Instructions to follow: Transcribe exactly everything in the data below from the line containing "Сабвуфер TruAudio RM-12 SUB" down to the line containing "Электронная сигарета Vandy", both lines included and nothing further.

Records supplied:

● ● ● ● ●

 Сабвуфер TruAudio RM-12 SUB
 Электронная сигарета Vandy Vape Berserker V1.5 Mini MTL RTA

● ● ● ● ●

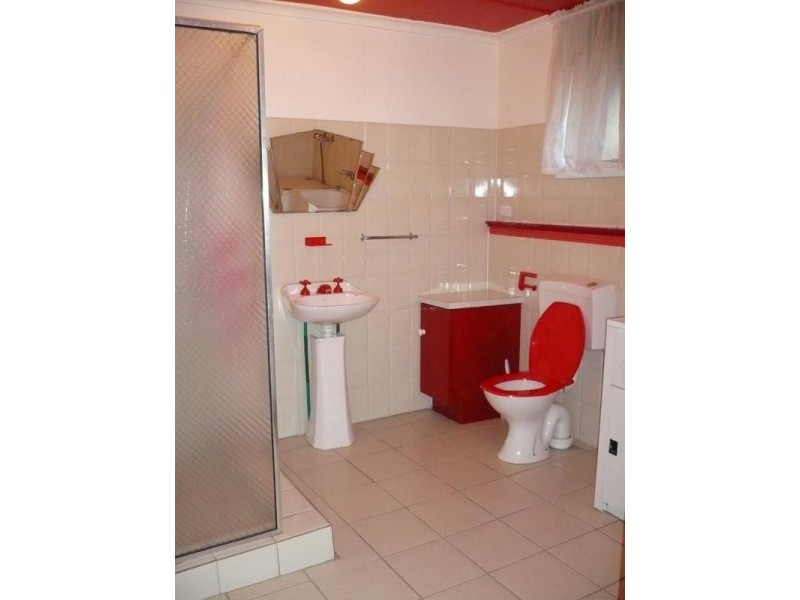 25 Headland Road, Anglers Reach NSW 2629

● ● ● ● ●

Answer for this exercise:
 Сабвуфер TruAudio RM-12 SUB
 Электронная сигарета Vandy Vape Berserker V1.5 Mini MTL RTA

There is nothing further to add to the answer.